GOOD TIME PARTY GIRL is a self-reflexive work of sorts: penned by POPULAR HOME magazine editor Robert Dougherty, it’s a recounting of “The Notorious Life of Dirty Helen Cromwell”, straight from her mouth, according to Robert.
Dirty Helen Cromwell (Helen, from here on forth), was — for some time — a Milwaukee fixture from the Prohibition age. While she was reluctant to lay down roots anywhere, she did find a home in Milwaukee with her boozy outpost THE SUN FLOWER INN, which is where Robert first met Helen.
What follows is Robert jotting down Helen recalling a good forty years of ‘good times’ as a self-proclaimed ‘woman of pleasure’. In other words: a sex worker. There’s a moment where she wishes that the term ‘call girl’ was popular in her time.
The tales recalled in GOOD TIME PARTY GIRL are certainly those of a willful, self-possessed woman, one who isn’t a skin-flint, but values what remains in one’s pocket, while still living a remarkable life, one the that included all sorts of fashionable dovetailing, as well as shoulder-rubbing with Al Capone.
“My advice is not to accept initiations to these cruises if you aren’t prepared for certain eventualities.”

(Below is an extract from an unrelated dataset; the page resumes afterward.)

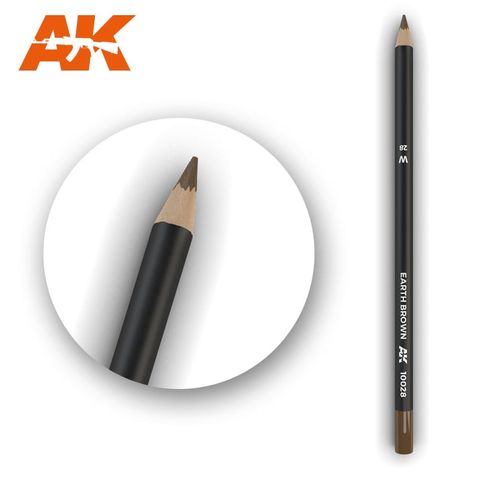 AK Interactive Watercolour Pencil EarthBrown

That’s about as dark as Helen deigned herself to deal with, but as one dives deeper into GOOD TIME PARTY GIRL and reads about the litany of dead husbands, and the brave face she plastered on, the harder the read becomes. This is a memoir/auto-bio where the absence of details are more damning than the inclusion; you can almost feel the hurt in certain eras of hers that she glosses over, ambiguous hurt that hits harder than when she discusses the death of one of her several husbands.
That said, yes, you do have to read in-between the lines for that. Otherwise, it’s a bold, brash tale of a bold and brash and gregariously singular woman who made her place in Milwaukee. That alone is reason enough to read her tale.